Go to the line that contains "X0000085320597200703091513" in the listing below, then output it and every line after it exactly, omitting pictures.

[[ INPUT DATA, beginning ]]

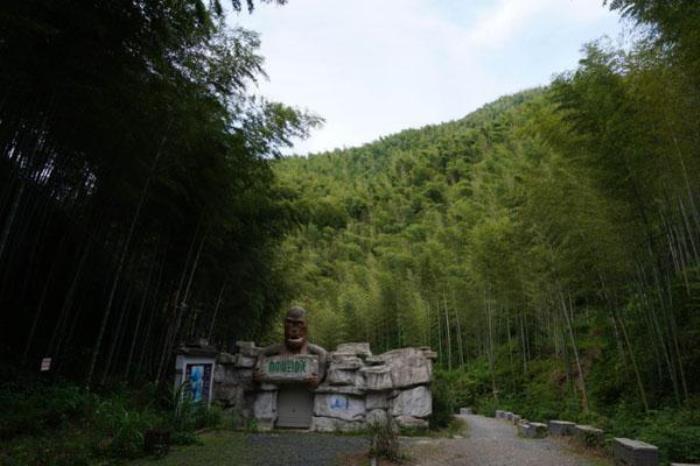 木坑竹海景區(qū)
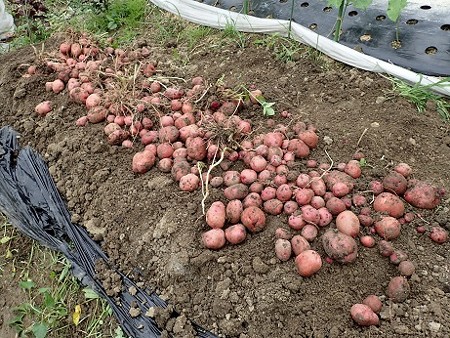 写真: ジャガイモ４（縮小）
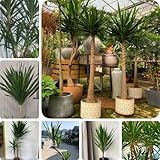 100 pcs Yucca elephantipes Palme Samen, deko wohnzimmer balkon winterharte stauden für pralle sonne geschenk gartenliebhaber gartenarbeit luftreinigende zimmerpflanzen deko pflanzen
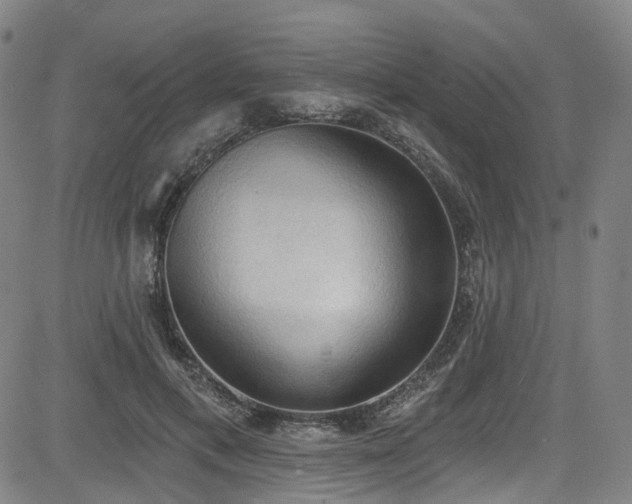 X0000085320597200703091513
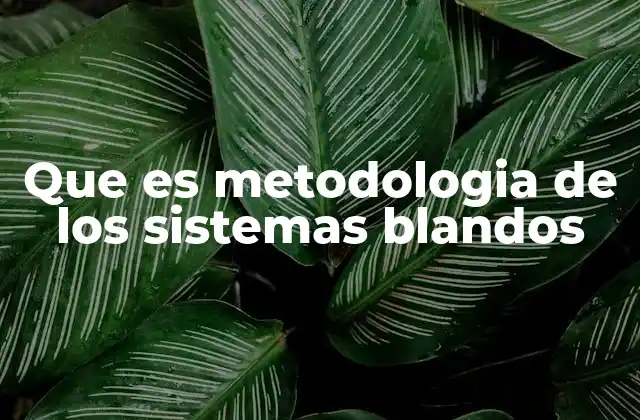 Que es Metodologia de los Sistemas Blandos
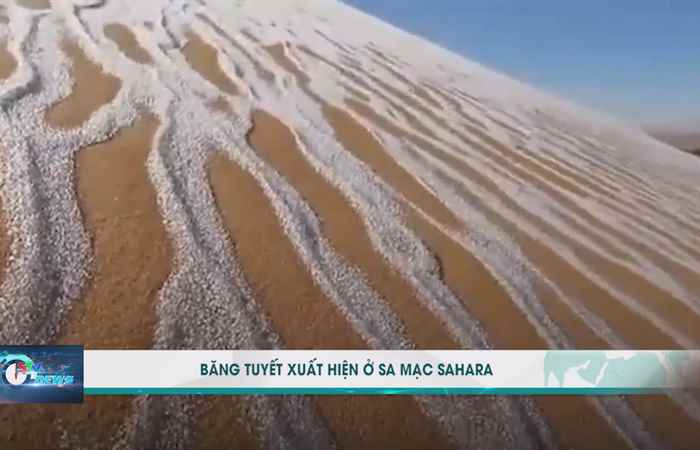 Bản tin STV News (20-01-2021)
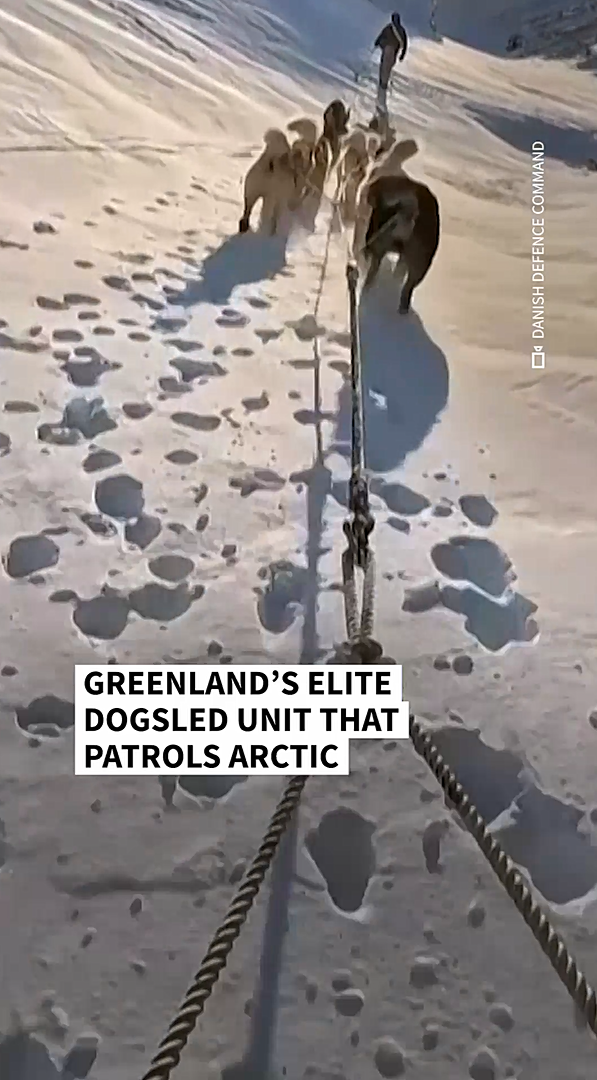 Greenland's elite dogsled unit that patrols desolate, icy Arctic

[[ INPUT DATA, end ]]

**ANSWER BOX:**
 X0000085320597200703091513
 Que es Metodologia de los Sistemas Blandos
 Bản tin STV News (20-01-2021)
 Greenland's elite dogsled unit that patrols desolate, icy Arctic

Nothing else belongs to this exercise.